In the data below, which lines contain "Front"? List them by copying each one.
Entries supplied section start
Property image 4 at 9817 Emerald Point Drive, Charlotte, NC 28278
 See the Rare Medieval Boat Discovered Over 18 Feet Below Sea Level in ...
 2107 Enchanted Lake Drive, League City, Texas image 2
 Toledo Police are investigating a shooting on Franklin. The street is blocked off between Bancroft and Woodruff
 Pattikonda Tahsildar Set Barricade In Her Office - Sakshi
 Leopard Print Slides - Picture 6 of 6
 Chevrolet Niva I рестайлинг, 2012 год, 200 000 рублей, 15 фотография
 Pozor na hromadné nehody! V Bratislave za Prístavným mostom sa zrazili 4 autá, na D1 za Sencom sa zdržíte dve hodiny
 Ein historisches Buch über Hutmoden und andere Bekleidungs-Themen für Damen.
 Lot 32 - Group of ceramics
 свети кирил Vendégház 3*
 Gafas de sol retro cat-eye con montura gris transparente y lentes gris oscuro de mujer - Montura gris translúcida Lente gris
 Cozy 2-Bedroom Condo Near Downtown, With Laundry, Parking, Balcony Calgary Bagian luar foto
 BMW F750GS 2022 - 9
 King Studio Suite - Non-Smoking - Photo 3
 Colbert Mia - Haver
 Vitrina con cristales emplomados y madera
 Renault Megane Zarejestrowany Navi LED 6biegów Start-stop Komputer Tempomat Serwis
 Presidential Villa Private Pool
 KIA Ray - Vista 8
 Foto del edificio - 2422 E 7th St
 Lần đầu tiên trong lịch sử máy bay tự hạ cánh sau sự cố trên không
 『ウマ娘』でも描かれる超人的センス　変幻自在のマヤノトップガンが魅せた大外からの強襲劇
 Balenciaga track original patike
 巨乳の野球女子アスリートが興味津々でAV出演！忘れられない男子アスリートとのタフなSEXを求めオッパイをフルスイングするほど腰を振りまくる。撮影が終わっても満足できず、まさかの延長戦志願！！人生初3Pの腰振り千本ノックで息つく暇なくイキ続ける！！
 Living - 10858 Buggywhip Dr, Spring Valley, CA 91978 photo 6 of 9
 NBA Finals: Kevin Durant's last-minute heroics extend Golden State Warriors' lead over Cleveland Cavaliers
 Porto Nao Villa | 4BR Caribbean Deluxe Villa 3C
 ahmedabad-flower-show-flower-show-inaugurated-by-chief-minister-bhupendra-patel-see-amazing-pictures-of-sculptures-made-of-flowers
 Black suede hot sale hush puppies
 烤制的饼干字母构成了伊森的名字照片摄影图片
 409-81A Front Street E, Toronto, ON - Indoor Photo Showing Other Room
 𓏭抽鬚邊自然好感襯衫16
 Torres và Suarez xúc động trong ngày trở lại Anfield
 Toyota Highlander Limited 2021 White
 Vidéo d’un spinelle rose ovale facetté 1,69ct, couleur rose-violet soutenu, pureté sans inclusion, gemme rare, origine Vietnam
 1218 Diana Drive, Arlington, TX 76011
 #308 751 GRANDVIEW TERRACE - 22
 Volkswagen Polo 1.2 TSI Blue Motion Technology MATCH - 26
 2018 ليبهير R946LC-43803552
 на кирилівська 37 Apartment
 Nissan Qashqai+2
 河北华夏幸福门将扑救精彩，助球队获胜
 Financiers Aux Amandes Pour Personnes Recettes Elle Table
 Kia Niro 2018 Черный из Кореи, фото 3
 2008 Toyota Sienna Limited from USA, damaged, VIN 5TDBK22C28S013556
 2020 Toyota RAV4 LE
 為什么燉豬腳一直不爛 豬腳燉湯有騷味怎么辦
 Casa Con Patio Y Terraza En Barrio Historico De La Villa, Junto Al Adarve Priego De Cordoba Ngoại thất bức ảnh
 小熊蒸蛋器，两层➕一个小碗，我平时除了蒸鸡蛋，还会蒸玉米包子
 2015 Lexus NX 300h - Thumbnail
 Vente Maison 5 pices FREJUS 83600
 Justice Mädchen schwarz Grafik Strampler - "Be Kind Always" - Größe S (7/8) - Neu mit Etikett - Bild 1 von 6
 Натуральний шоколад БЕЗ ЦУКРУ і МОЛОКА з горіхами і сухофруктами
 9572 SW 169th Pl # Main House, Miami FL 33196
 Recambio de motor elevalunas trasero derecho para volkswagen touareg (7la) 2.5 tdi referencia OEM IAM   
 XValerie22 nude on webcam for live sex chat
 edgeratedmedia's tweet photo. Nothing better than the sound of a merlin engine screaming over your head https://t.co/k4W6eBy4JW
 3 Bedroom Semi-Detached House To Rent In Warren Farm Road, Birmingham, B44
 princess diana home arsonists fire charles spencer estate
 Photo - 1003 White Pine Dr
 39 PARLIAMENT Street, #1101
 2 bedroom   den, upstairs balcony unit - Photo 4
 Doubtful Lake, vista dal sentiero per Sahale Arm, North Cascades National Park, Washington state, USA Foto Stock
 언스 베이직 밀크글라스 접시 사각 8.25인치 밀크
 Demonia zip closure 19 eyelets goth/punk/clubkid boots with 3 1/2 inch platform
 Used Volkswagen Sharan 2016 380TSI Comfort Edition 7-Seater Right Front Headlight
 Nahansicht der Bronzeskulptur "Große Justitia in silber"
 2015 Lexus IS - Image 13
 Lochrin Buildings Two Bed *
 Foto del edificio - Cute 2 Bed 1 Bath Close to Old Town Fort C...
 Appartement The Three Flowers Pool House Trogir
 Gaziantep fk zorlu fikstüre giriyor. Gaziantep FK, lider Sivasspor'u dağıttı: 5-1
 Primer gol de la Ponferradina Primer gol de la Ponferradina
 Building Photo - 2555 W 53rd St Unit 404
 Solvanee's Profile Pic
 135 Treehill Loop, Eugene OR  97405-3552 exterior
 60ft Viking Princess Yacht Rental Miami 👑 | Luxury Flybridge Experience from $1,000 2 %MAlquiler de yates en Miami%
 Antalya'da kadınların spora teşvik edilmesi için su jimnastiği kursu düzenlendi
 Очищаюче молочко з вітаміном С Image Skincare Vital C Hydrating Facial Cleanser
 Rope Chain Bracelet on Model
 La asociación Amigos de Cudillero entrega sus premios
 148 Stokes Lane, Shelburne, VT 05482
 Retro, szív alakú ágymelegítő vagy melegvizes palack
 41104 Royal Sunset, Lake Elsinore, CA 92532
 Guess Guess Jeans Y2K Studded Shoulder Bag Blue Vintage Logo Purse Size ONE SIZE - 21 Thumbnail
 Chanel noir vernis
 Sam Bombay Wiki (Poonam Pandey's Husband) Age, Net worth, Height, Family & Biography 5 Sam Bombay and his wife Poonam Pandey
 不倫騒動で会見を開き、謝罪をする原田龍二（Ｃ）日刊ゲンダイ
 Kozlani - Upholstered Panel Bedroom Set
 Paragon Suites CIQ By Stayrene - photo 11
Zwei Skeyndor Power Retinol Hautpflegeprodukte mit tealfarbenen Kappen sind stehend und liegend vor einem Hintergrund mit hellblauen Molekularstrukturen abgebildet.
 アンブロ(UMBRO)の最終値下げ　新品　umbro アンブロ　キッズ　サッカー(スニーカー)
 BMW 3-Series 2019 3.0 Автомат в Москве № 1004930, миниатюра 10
Entries supplied section end
Answer space:
 409-81A Front Street E, Toronto, ON - Indoor Photo Showing Other Room
 Used Volkswagen Sharan 2016 380TSI Comfort Edition 7-Seater Right Front Headlight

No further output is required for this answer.